In other words, they promote energy that is too expensive to be used for industry, and which keeps poor nations like Haiti dependent on outside charity, and they oppose energy that is cheap and reliable and can be used for powering factories and transporting workers. 
As such, what’s driving the demand from Western elites that poor nations make energy more expensive is the same anti-civilization ideology that is being used to justify everything from the closure of nuclear plants to the blocking of nat gas production to the war on fertilizer. 
WEF & The Great Reset are explicitly inspired by the anti-human, pro-scarcity ideology of Malthus. Here’s the smoking gun. Their goal is de-industrialization through renewables & organics. It’s driving inflation, causing riots, and undermining governments.

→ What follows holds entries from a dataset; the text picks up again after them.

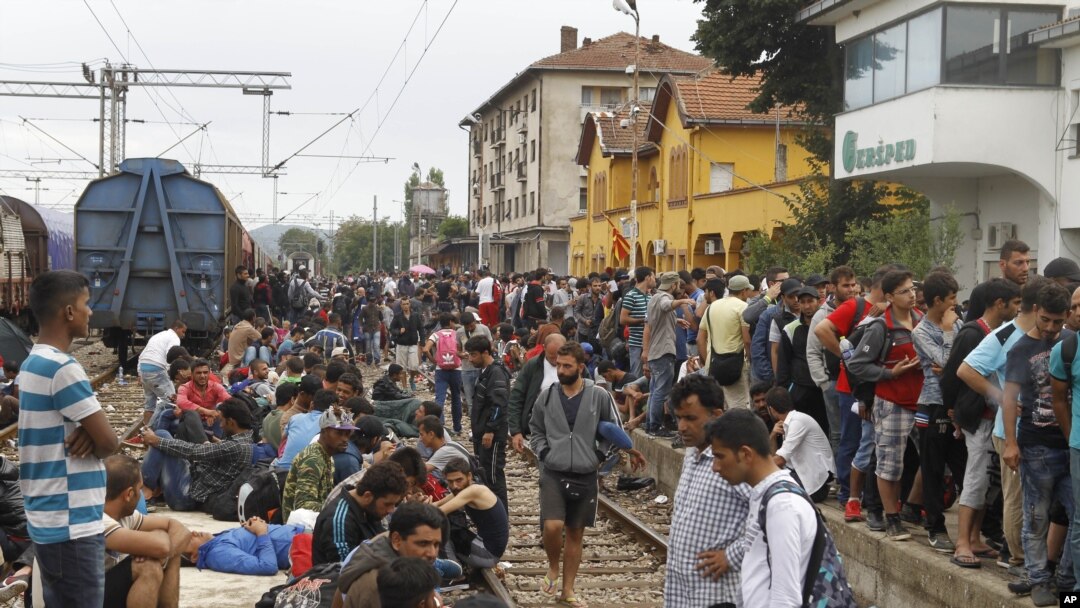 Para migran tiba di stasiun kereta Gevgelija di Makedonia setelah menerobos blokade polisi di perbatasan Yunani (22/8). (AP/Boris Grdanoski)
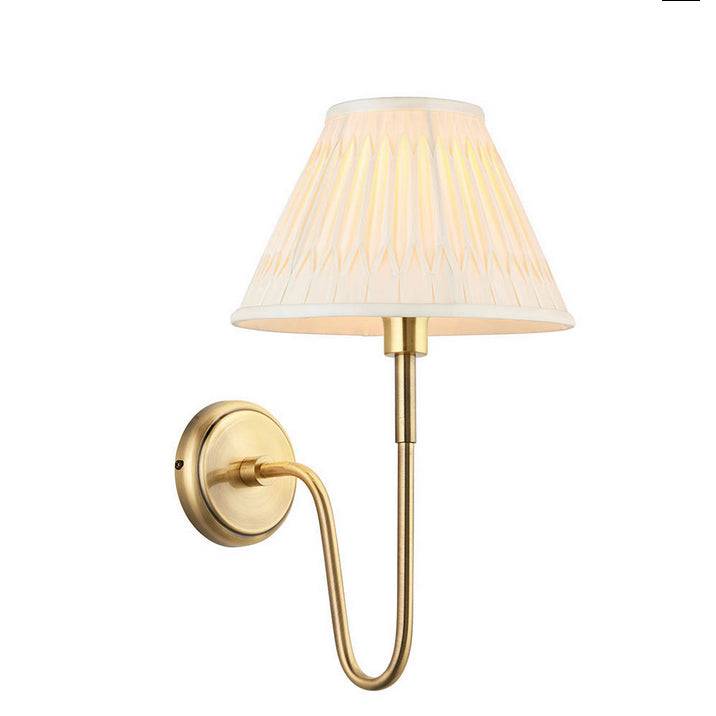 Curved brass wall light with a pleated fabric shade. Classic, slim wall light, a simple, elegant way to add light to you rooms.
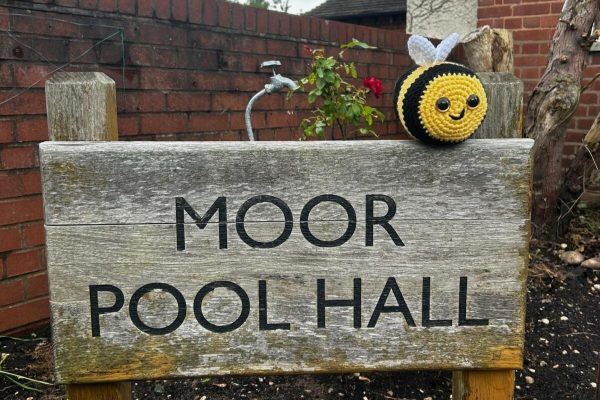 A sign for Moor Pool Hall with a crochet bee on top of it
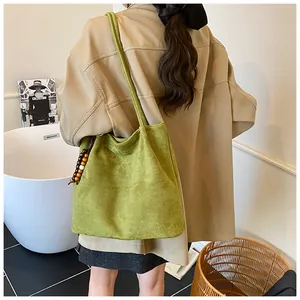 Close-up of green suede tote bag with decorative wood beads and long shoulder strap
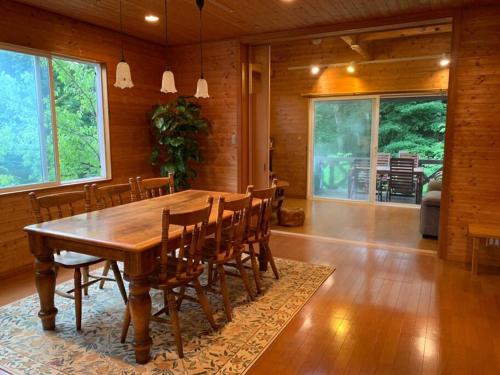 ein Esszimmer mit einem Holztisch und Stühlen in der Unterkunft 4月リニューアルOpen! 全室エアコン完備! Deerview Lodge 山中湖 in Yamanakako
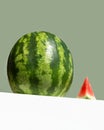 Big fresh watermelon and red slice of watermelon on table on neo mint colored background. Creative minimal summer fruit Royalty Free Stock Photo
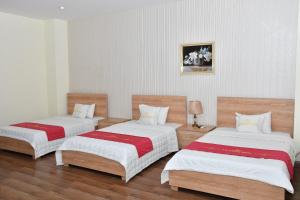 海防Nhà Khách Hương Sen的一间设有两张铺有白色和红色床单的床的客房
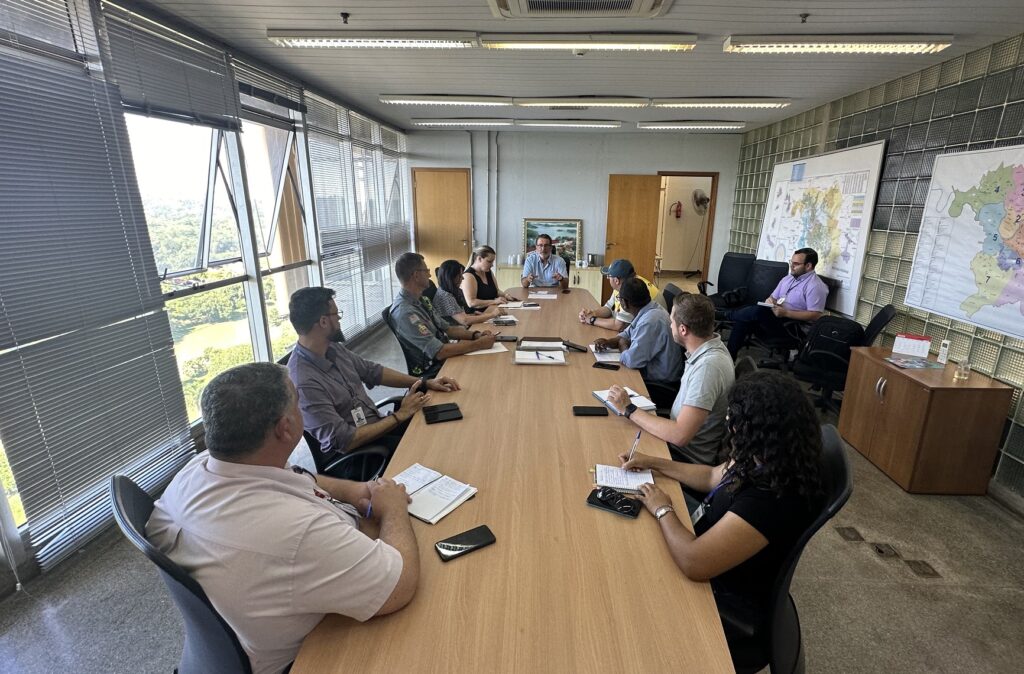 Imagem de uma sala com uma mesa grande e várias pessoas sentadas à mesa. Ao fundo, o prefeito Luciano Almeida com camisa azul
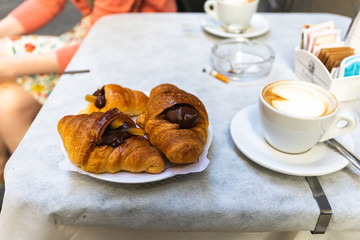 Italian breakfast with filled croissants and cafe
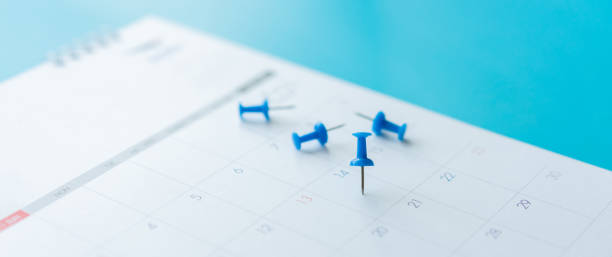 istock close up yellow pushpin on calendar page schedule to make appointment and reminder about holiday weekend concept 1718084838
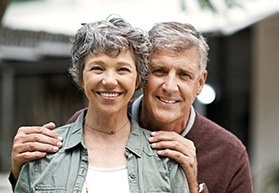 Smiling older man and woman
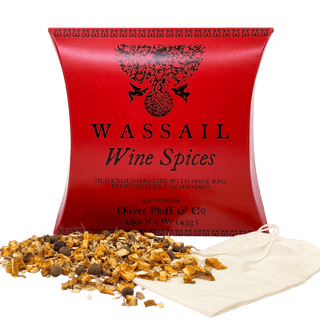red tea pouch with Orange Peel, Ginger, Cinnamon, Allspice, Cloves sprinkled in front and white teabag on counter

It’s an irrational, apocalyptic religion that emerges from nihilism, the view that life has no purpose, and that we should dismantle civilization. Point any of this out and they say, “Oh gosh no — we’re just trying to help people by reducing pollution!”

But they’re obviously not trying to reduce pollution because, by shutting down natural gas and nuclear plants, they are making pollution worse. And they aren’t interested in reducing fertilizer pollution through technology, only through reducing farming, livestock, & food.

The flip side of nihilism is narcissism. They compensate for the anxiety that stems from their view of life as meaningless by constantly demanding attention. They insist the world will end unless everyone does what they say, namely by becoming poorer.

The good news is that a growing number of the people who provide us with the food & energy we need to survive are finally standing up for civilization. Farmers are protesting. Energy consumers are rioting. And energy providers are push back against the Woke nihilists.
After Rep. Rashida Tlaib (D-MI) Wednesday demanded that America’s top banking executives promise to immediately halt all funding of fossil fuel production, JPMorgan Chase CEO Jamie Dimon, said, “Absolutely not. That would be the road to hell for America.” 
On, September 20, Amin H. Nasser, the CEO of Saudi Arabia’s state-owned oil company, Aramco, said, “When historians reflect on this crisis, they will see that the warning signs in global energy policies were flashing red for almost a decade.” 
Said Nasser, “oil and gas investments crashed by more than 50% between 2014 and last year, from $700 billion to a little over $300 billion… when you shame oil and gas investors, oppose LNG receiving terminals, and reject nuclear power, your transition plan had better be right.” 

Nasser is, obviously biased, but he is also right. As I noted last year, six months before Russia invaded Ukraine, it was under-investment in oil and gas production, due to the ESG movement and climate activism, that had resulted in their scarcity.

Change is coming, and not just to Haiti and other poor and developing nations. Neoliberal and Malthusian dogma already resulted in the fall of one government, Sri Lanka, in August. The riots in Haiti suggest that it could soon result in the fall of others, very soon. 
As Nasser noted, the fantasies of a world powered by renewables are “just a chain of sandcastles that waves of reality have washed away. And billions around the world now face the energy access and cost of living consequences that are likely to be severe and prolonged.” 
Eventually, that change will arrive at WEF, the UN/IMF, and World Bank, or they will become irrelevant. After all, the leaders of poor and developing nations around the world read the news. They will soon learn from what’s happened in Sri Lanka and Haiti. 
They will be reminded that fossil fuels and synthetic fertilizers are, for now, and in the foreseeable future, vital to cheap energy and food and that Western, neoliberal, and Malthusian institutions cannot be trusted. 

Before long, we will go from the dark and delusional mantra of WEF’s “Great Reset,” “End fossil fuel subsidies and reset the economy,” to a more pro-human and hard-headed one: “Make energy abundant and cheap and reset the elites.”